El cerro La Popa, que alberga el convento del mismo nombre, y el Salto del Cabrón (no es broma, así se llama), es el punto más alto de la ciudad. Llamado así porque desde el mar parece la parte de trasera de un barco, ofrece espectaculares vistas del Mar Caribe y de las cuatro islas que componen Cartagena: la Ciudad Amurallada, Manga, donde viven las antiguas familias adineradas, Bocagrande y Tierra Bomba, el área montañosa.

El Salto del Cabrón designa el risco junto al histórico convento desde donde, según cuenta la historia, un cura lanzó un macho cabrío de oro puro de 250 libras de peso que era adorado al son de “urí, urí” por los brujos. Dicen que nadie encontró jamás los restos del cabro.

Si lo tuyo es el agua

Como ciudad costera Cartagena cuenta con una amplia zona de playas. Este, a mi juicio, no es su fuerte. Acostumbrada a la arena clara, la arena  Cartagena Playavolcánica de Bocagrande no me causó gran entusiasmo. No obstante, se pueden pasar horas disfrutando del  il bel fare niente, o sea, el placer de hacer nada, en los hoteles del malecón  y comprar comida y bebida que le llevarán a su silla de playa.

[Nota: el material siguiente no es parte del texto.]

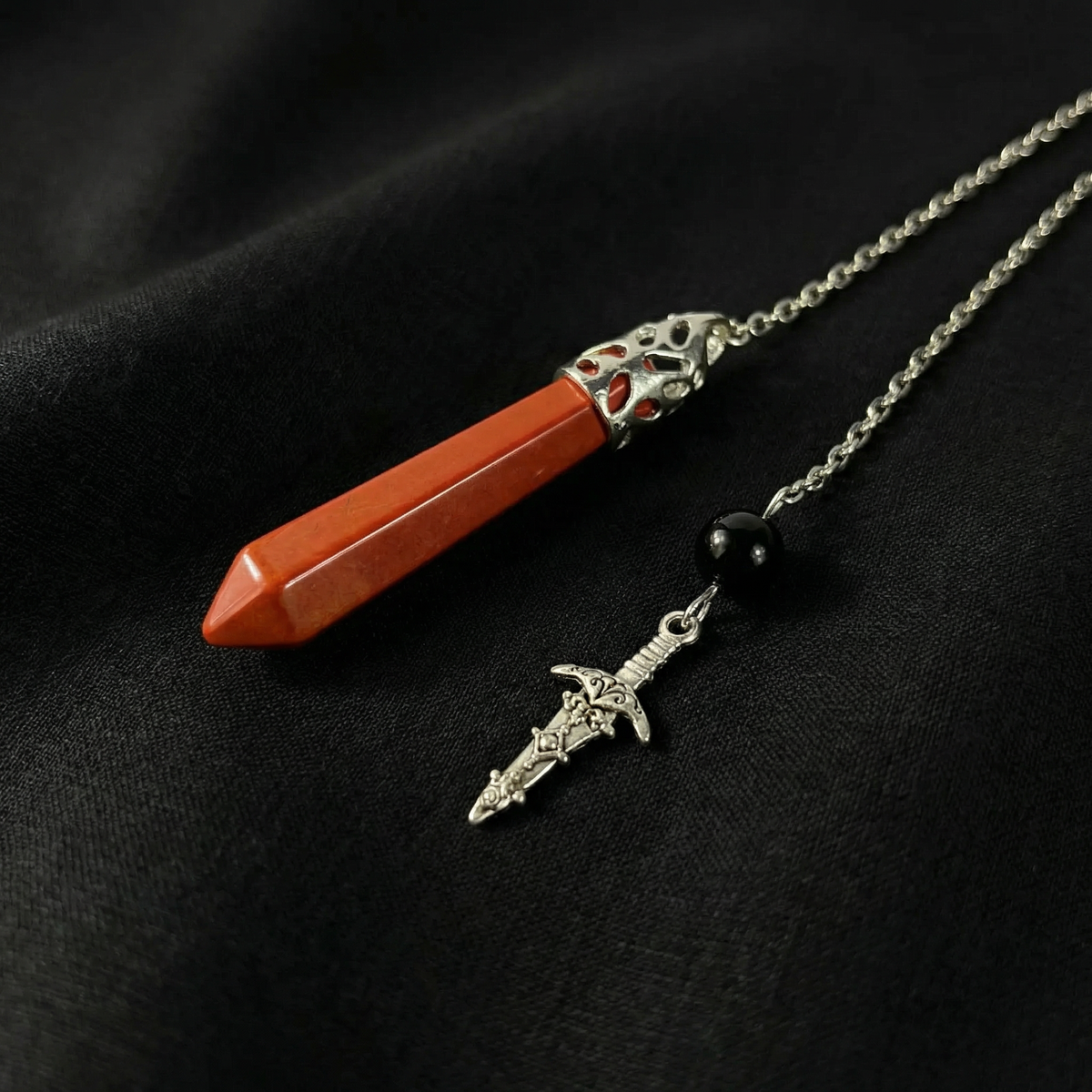 Pendule dague en jaspe rouge et obsidienne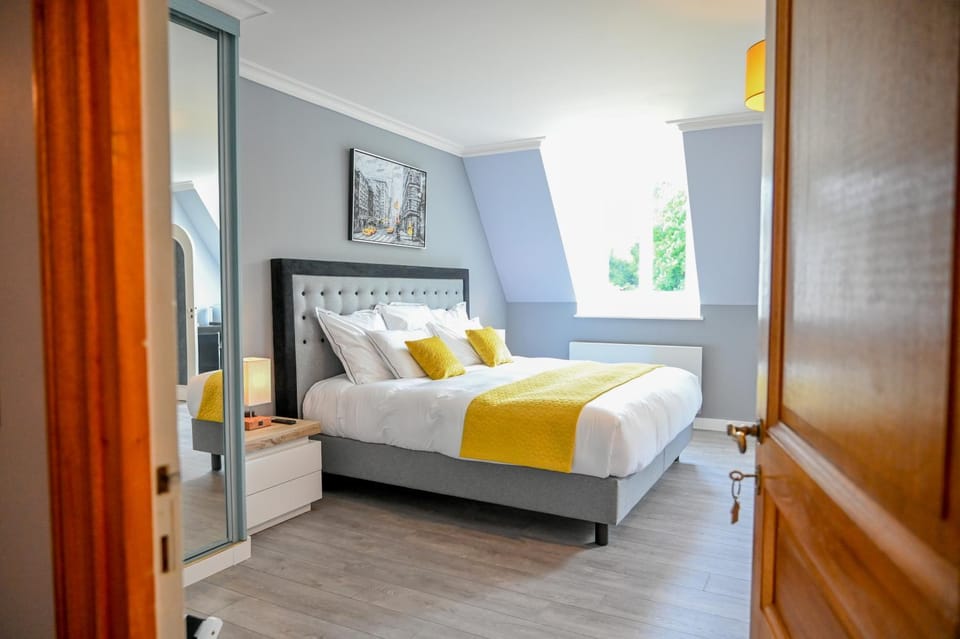 Bed, Photo of the whole room
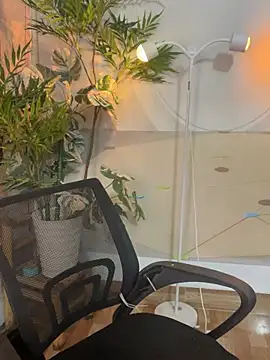 Miuxynh's Live XXX Chat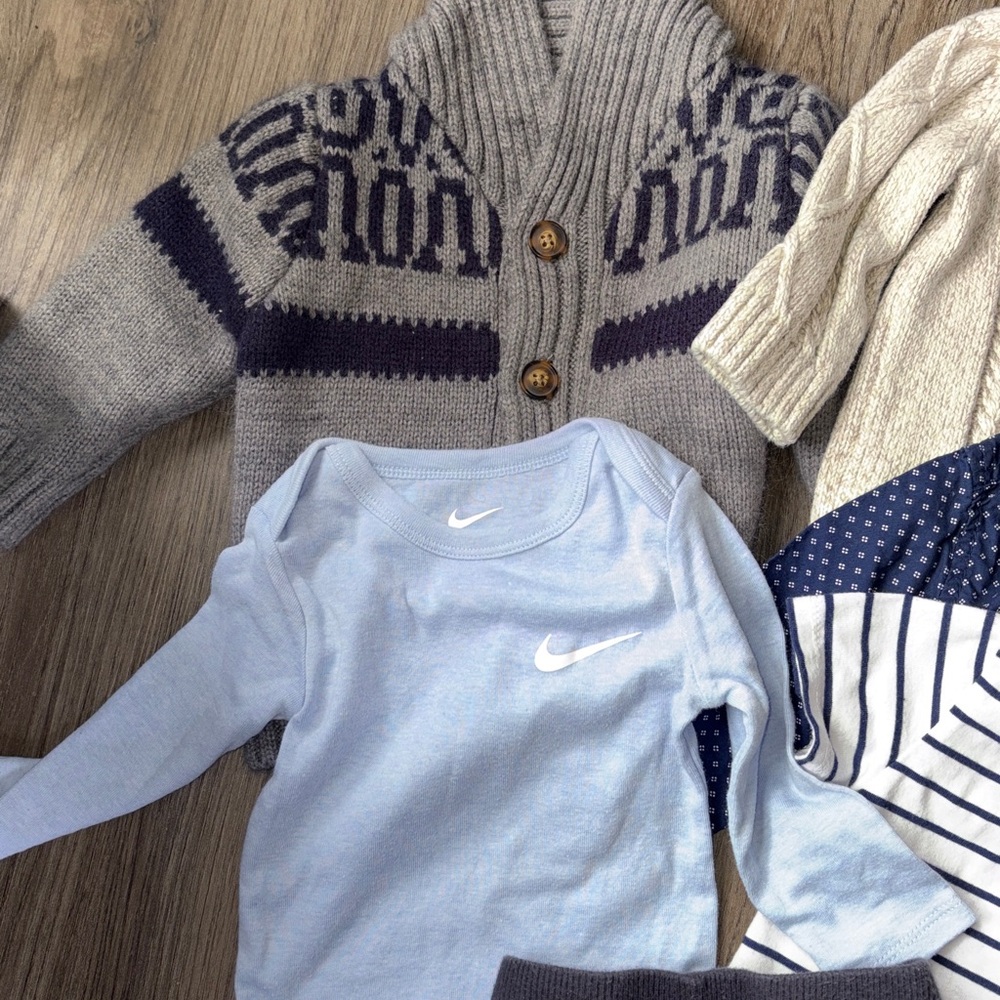 Bundle of 6 9 month outfits carters and more - Picture 2 of 12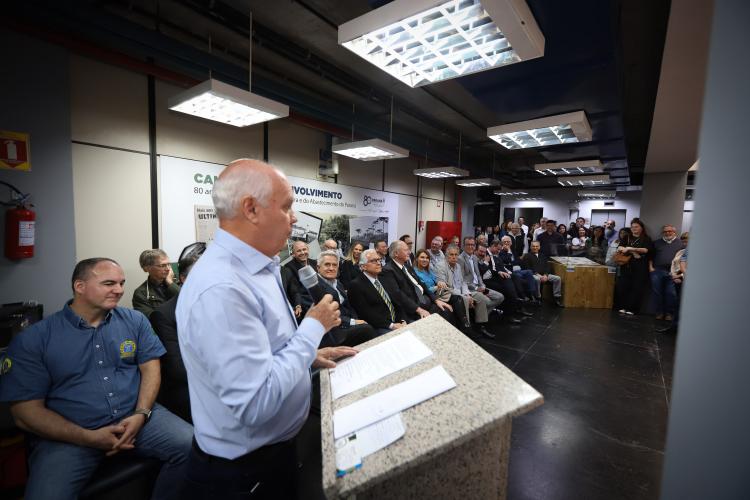 "Ao longo dessas décadas, a SEAB construiu uma base sólida para o setor agrícola, transformando o estado em um dos maiores polos de produção do Brasil e do mundo" declarou o Secretário de Estado da Agricultura, Natalino Avance de Souza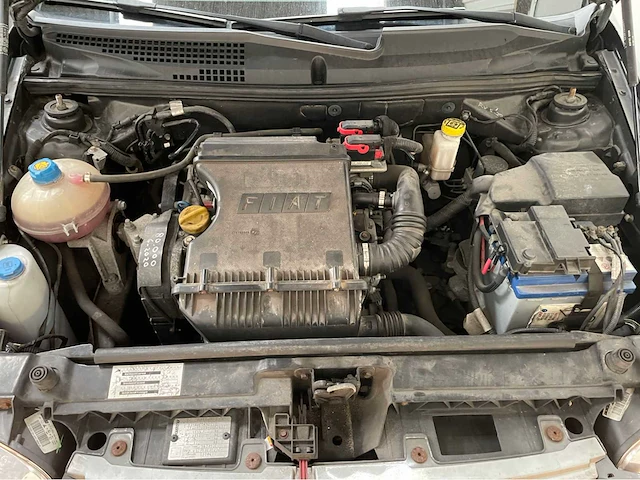 Fiat - stilo - personenauto - 2006 - afbeelding 20 van  27
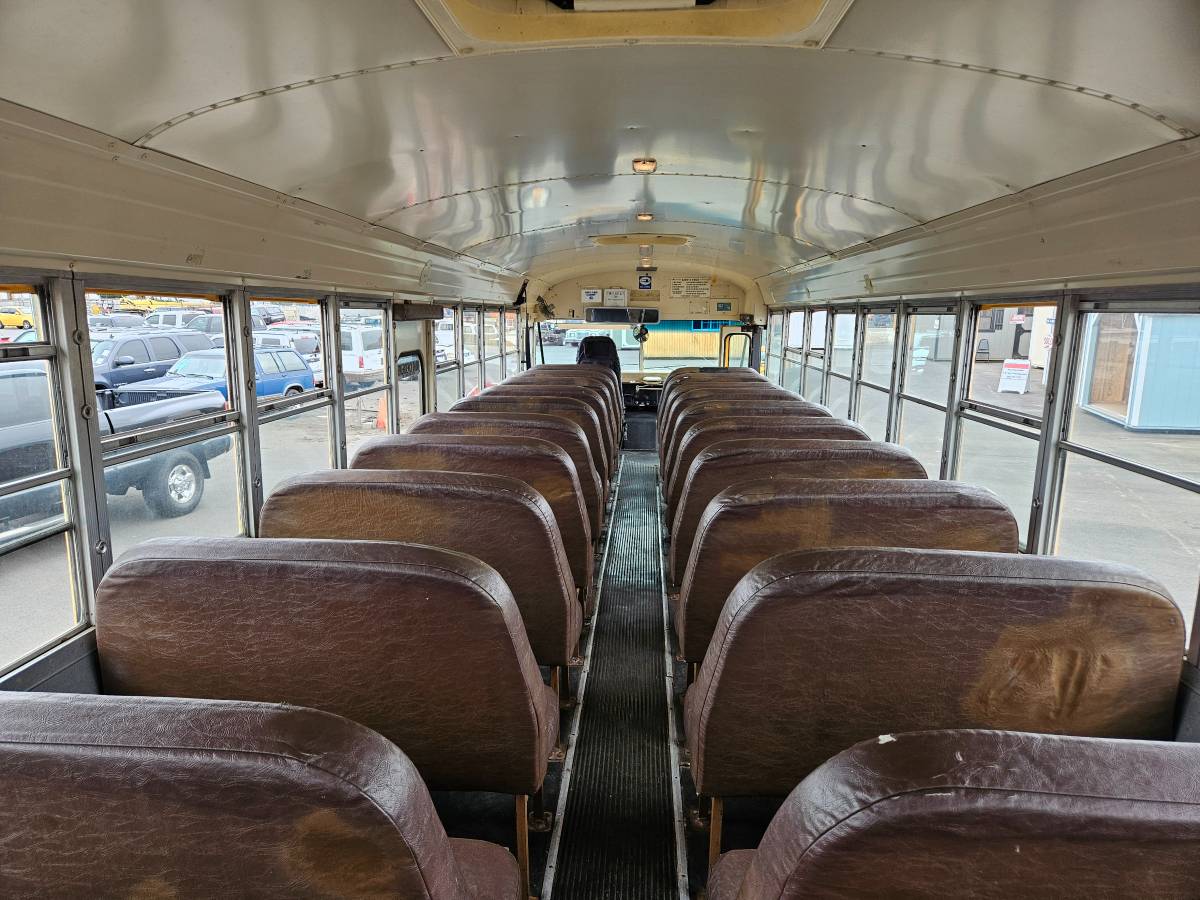 Bluebird-bus-diesel-1993-17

Otra alternativa es tomar uno de los barcos que salen del Muelle de la Bodeguita, junto al Centro de Convenciones, que dan recorridos por la bahía. Las vistas nocturnas de la ciudad valen la pena, si uno está en buena compañía.

En la isla del Rosario, del archipiélago de igual nombre, la arena es blanca, pero pedregosa. Es un santuario de flora y fauna y un excelente lugar para bucear en los corales y mejor aún hacer deportes acuáticos. Un recorrido en bote te llevará al acuario o hasta el poblado de los pescadores, el Orika. Este paraíso queda a una de hora de Cartagena en bote. Encuentro el viaje un poco costoso ($80 más impuestos) para una estancia de cinco horas.